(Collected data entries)
◇ ◇ ◇ ◇ ◇

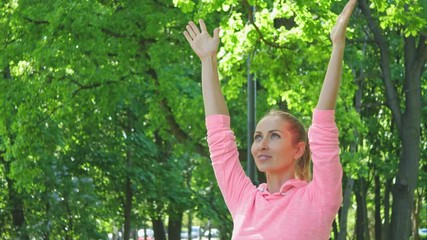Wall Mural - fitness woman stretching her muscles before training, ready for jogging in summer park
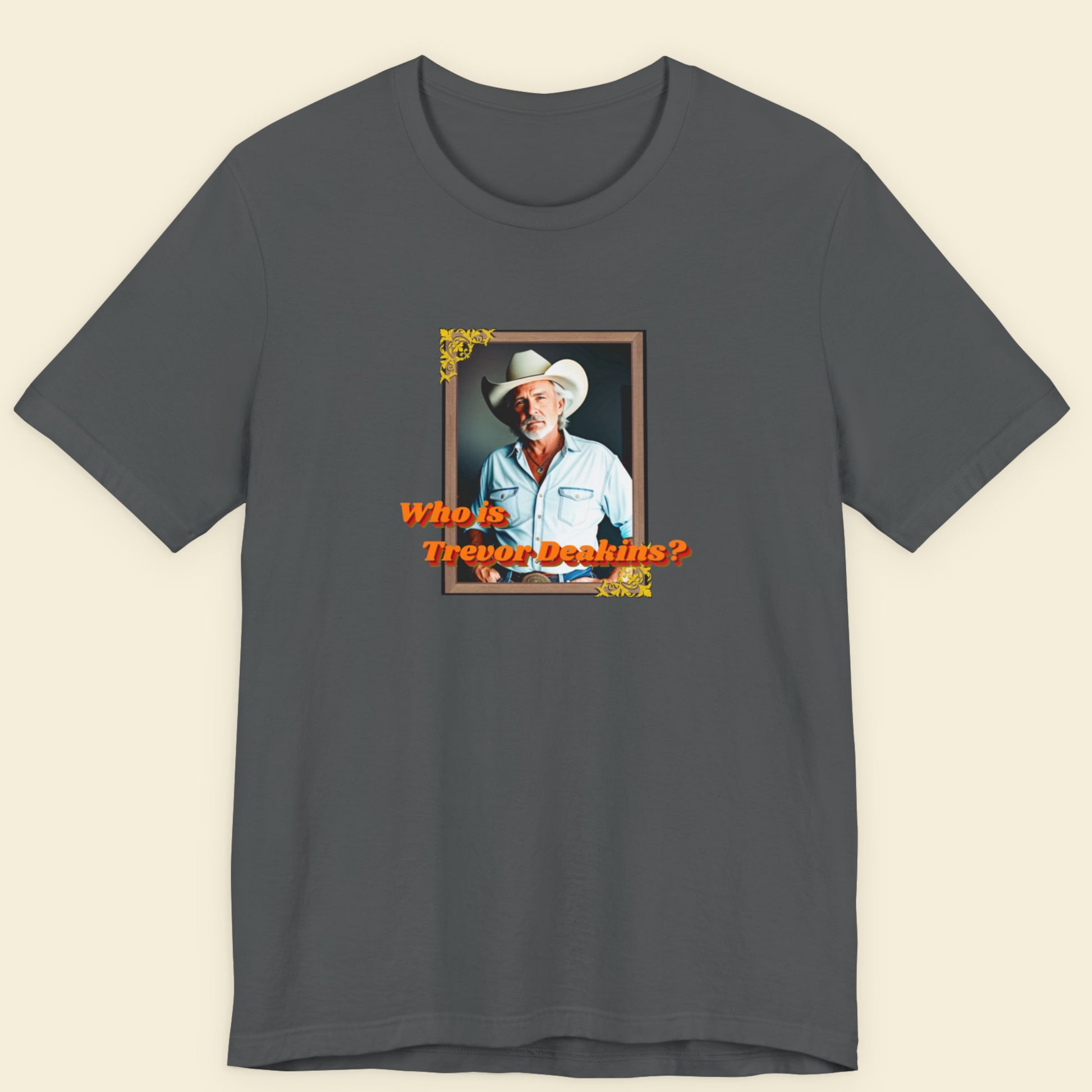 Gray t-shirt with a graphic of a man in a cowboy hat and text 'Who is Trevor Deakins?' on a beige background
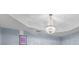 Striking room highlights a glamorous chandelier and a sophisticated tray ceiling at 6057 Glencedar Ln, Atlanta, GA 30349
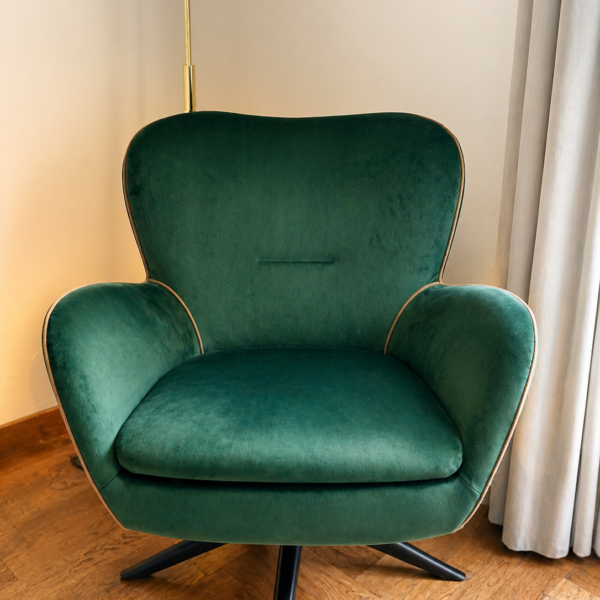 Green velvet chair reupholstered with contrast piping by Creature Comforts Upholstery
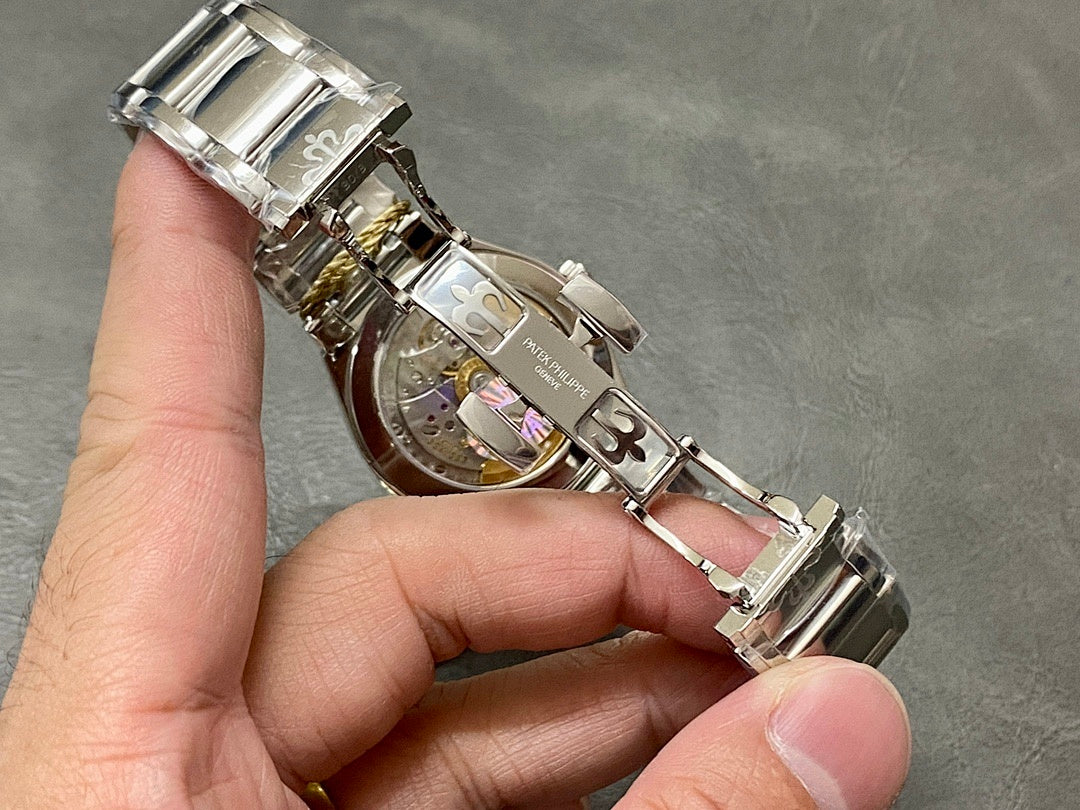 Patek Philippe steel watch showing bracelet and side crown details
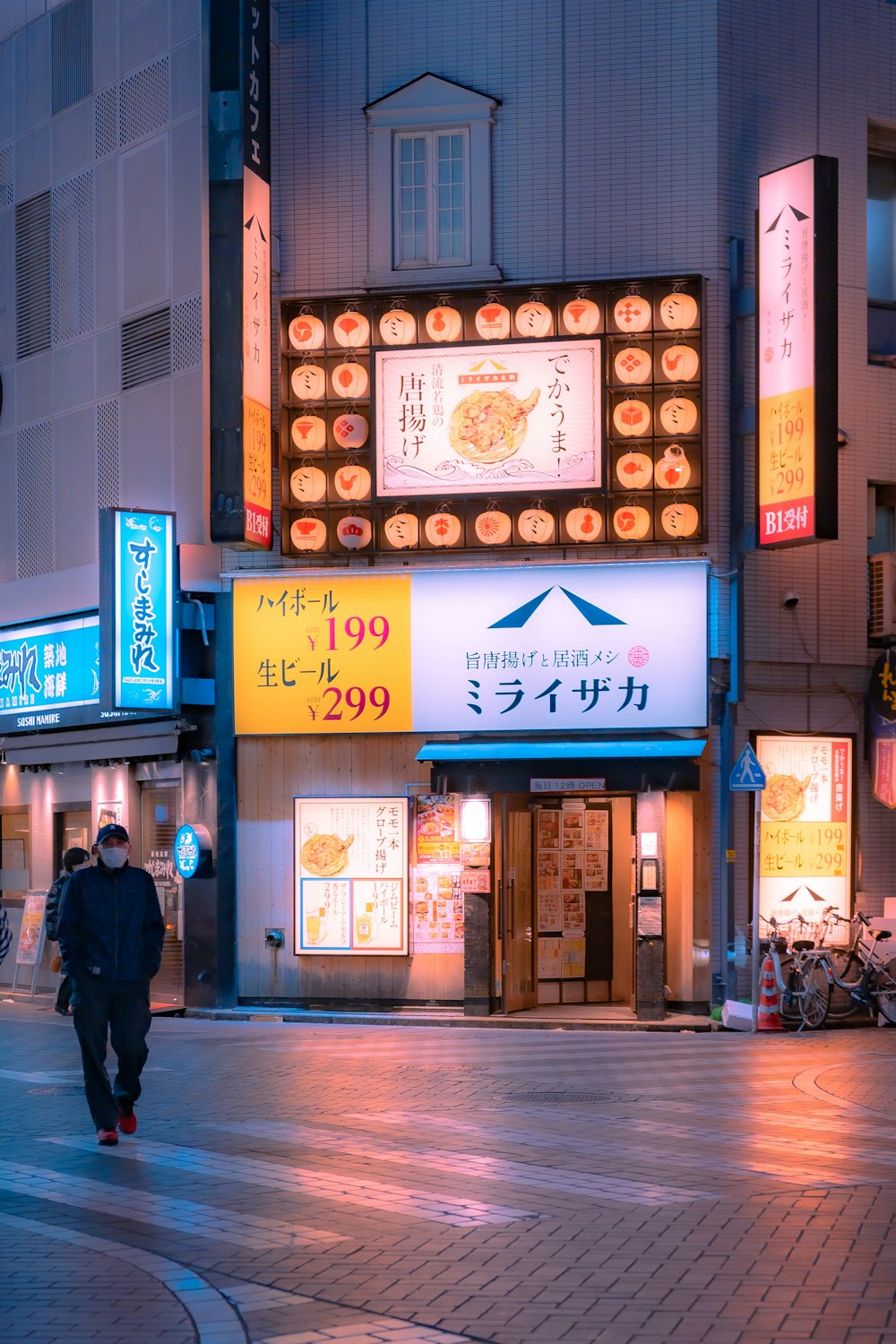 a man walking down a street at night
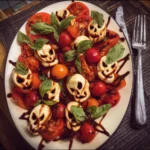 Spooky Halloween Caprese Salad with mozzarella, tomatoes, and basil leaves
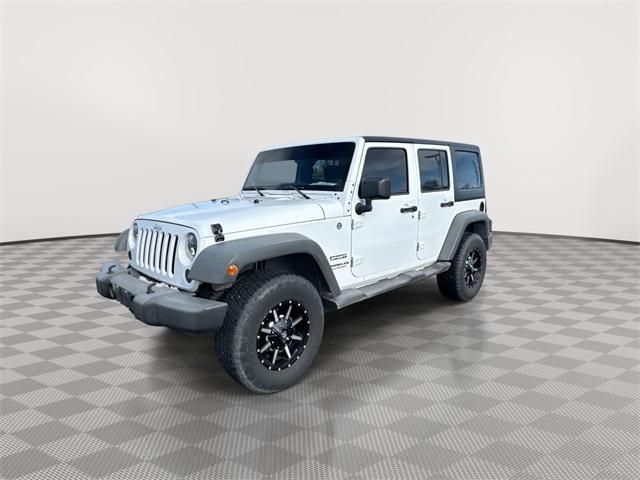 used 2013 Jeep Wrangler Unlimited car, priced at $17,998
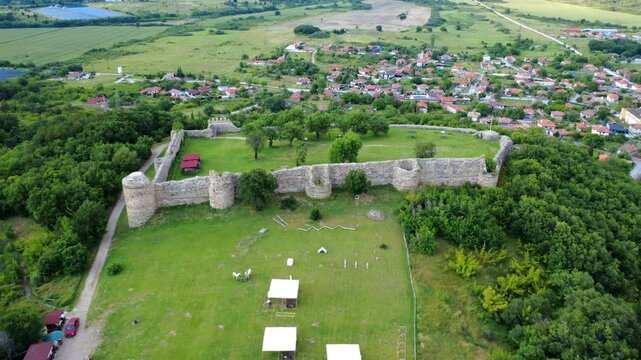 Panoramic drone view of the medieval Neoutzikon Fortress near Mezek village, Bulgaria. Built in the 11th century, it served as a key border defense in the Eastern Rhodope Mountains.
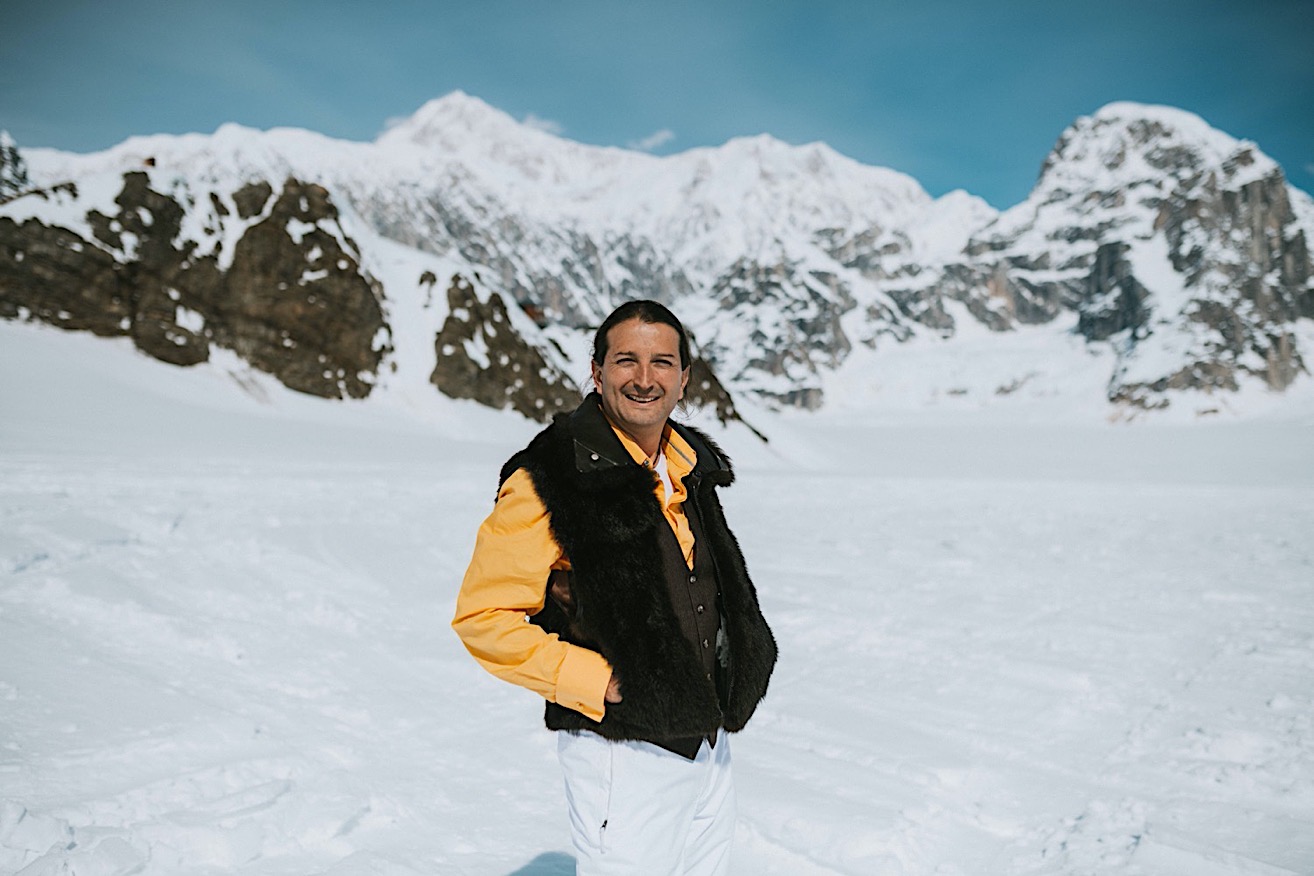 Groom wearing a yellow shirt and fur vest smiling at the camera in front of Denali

◇ ◇ ◇ ◇ ◇

### ASSIGNMENT
Copy exactly, and only, the lines from the first entry through the line holding "Panoramic drone view", both ends included, leaving out every picture.

### ANSWER AREA
Wall Mural - fitness woman stretching her muscles before training, ready for jogging in summer park
 Gray t-shirt with a graphic of a man in a cowboy hat and text 'Who is Trevor Deakins?' on a beige background
 Striking room highlights a glamorous chandelier and a sophisticated tray ceiling at 6057 Glencedar Ln, Atlanta, GA 30349
 Green velvet chair reupholstered with contrast piping by Creature Comforts Upholstery
 Patek Philippe steel watch showing bracelet and side crown details
 a man walking down a street at night
 Spooky Halloween Caprese Salad with mozzarella, tomatoes, and basil leaves
 used 2013 Jeep Wrangler Unlimited car, priced at $17,998
 Panoramic drone view of the medieval Neoutzikon Fortress near Mezek village, Bulgaria. Built in the 11th century, it served as a key border defense in the Eastern Rhodope Mountains.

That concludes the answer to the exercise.